Toutefois, la plupart des journaux anarchistes se méfient d’abord de Valpreda et des autres arrêtés. Seul Pinelli « tombé » par la fenêtre après trois jours d’interrogatoire (alors qu’il était probablement déjà mort sous les coups des policiers, alors qu’il avait un alibi irréfutable, alors qu’il était venu volontairement se faire interroger, sur sa propre moto) jouissait de la confiance et de l’estime de tous. A son enterrement, la télévision a dénombré 3000 personnes. Le coup de force contre les anarchistes aura servi, pour quelque temps du moins, à ressouder les rangs de l’opposition extra-parlementaire.
Quant à Valpreda, il est si fortement accusé par la presse et les mouvements de l’extrême droite à une certaine gauche, on raconte tant de choses sur lui, que les milieux anarchistes doutent quelque temps. Très tôt, la Crocenera affirme cependant son innocence : c’est avant tout une conviction politique, car aucun anarchiste n’aurait pu commettre des attentats de ce genre, et ceux-ci s’insèrent parfaitement dans la logique de provocation-répression du gouvernement. Mais c’est aussi une conviction technique, à cause de son alibi, des nombreux indices en sa faveur et de la faiblesse des « preuves » contre lui. La seule qui tienne est la reconnaissance formelle d’un chauffeur de taxi, Rolandi ; mais on a appris depuis que le policier chargé de l’enquête aurait présenté une seule photo, celle de Valpreda, à ce chauffeur, en lui disant qu’il « devait le reconnaître» ; on a aussi trouvé au moins deux sosies possibles, militants d’extrême droite impliqués depuis longtemps dans de la provocation terroriste, et à qui leurs chefs auraient fort bien pu faire jouer le rôle de Valpreda. Ce dernier l’a bien compris, qui écrit dans une lettre sortie clandestinement de sa prison romaine : « Si vraiment le tueur de la Piazza Fontana a utilisé le taxi de Rolandi, c’est qu’il savait qu’il était complètement couvert et que quelqu’un d’autre serait reconnu à sa place. »

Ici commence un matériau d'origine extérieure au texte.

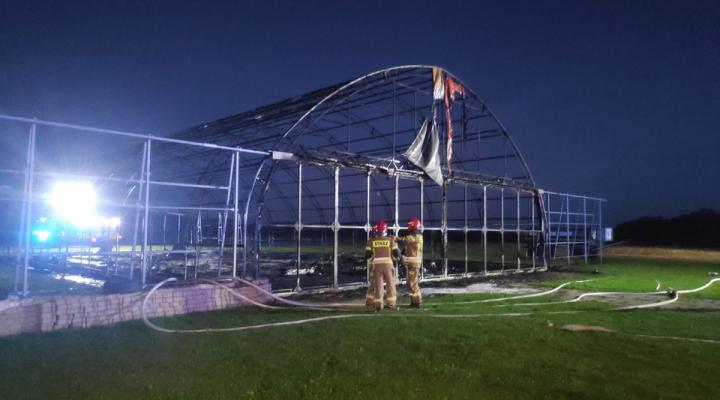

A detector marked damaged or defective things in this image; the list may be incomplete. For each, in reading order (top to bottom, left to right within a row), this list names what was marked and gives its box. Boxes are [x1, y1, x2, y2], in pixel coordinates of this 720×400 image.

torn fabric canopy [404, 117, 444, 186]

En effet, il y avait à coup sûr des provocateurs dans le groupe du « 22 mars » romain que fréquentait Valpreda : ex-militants fascistes qui avaient gardé un peu trop de relations avec leurs anciens amis, qui surtout proposaient un peu trop souvent de faire des actions terroristes, d’apprendre à confectionner des cocktails Molotov et d’autres jouets plus dangereux pour « tout foutre en l’air ». Nombreux sont les groupes d’extrême gauche et les mouvements étudiants qui ont été « infiltrés » de cette façon depuis quelques années, et pour un temps plus ou moins long, jusqu’à ce que les provocateurs et les indicateurs soient démasqués.
On a dit que les anarchistes étaient une proie plus facile à cause de leur organisation non centralisée, de leur idéologie mal définie ; mais, selon « La Strage di Stato », rares sont les groupes qui ont échappé à l’infiltration. Et si les anarchistes ont été une proie de choix, c’est surtout à cause de l’image traditionnelle du lanceur de bombes que les classes dirigeantes cultivent dans l’opinion publique et que l’on essaie de leur faire endosser à chaque occasion.

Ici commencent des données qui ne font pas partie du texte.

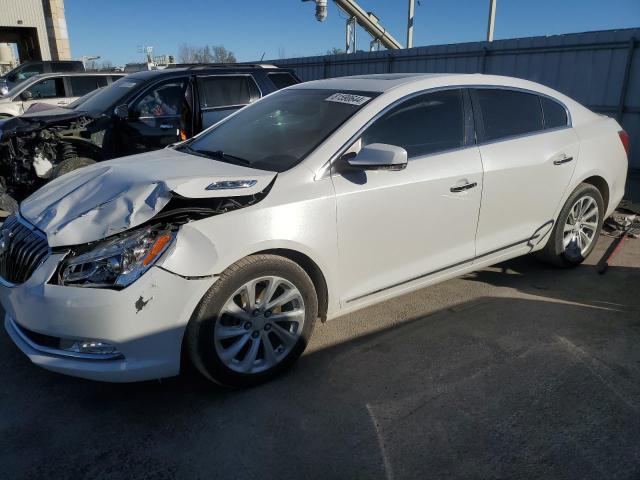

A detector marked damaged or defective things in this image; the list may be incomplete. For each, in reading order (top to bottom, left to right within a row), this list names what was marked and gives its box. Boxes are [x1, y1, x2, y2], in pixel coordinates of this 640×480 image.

damaged front of background car [0, 109, 111, 215]
front bumper damage [0, 251, 215, 382]
broken headlight [60, 227, 175, 286]
damaged white car [0, 74, 632, 386]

Aujourd’hui, une douzaine de camarades sont encore emprisonnés en Italie pour les attentats d’avril et de décembre. Le plus jeune d’entre eux, Roberto Mander, écrit à « Umanità Nova » de la maison de rééducation où il a été fourré :
« Je saisis l’occasion pour demander aux juges et aux policiers où ils étaient les 25 avril et 12 décembre ? Eh bien, je pense que ces messieurs respectables étaient sortis, à cette heure fatidique, pour prendre un café ou aller aux cabinets ; mais moi, pauvre citoyen, qui garantit que je n’étais pas à la Foire ou à la Piazza Fontana plutôt qu’au café à côté du bureau ? En somme, tout citoyen pouvait se trouver en chemin, pendant ces deux heures, sans alibi solide ; l’important, c’est qu’il n’ait pas professé d’idées anarchistes ; autrement, alibi ou non, il pouvait être incriminé, parce que la seule preuve déterminante pour des délits de ce genre, c’est le credo politique ; il est donc logique (selon la logique de l’Etat) que seuls des anarchistes soient arrêtés et accusés. »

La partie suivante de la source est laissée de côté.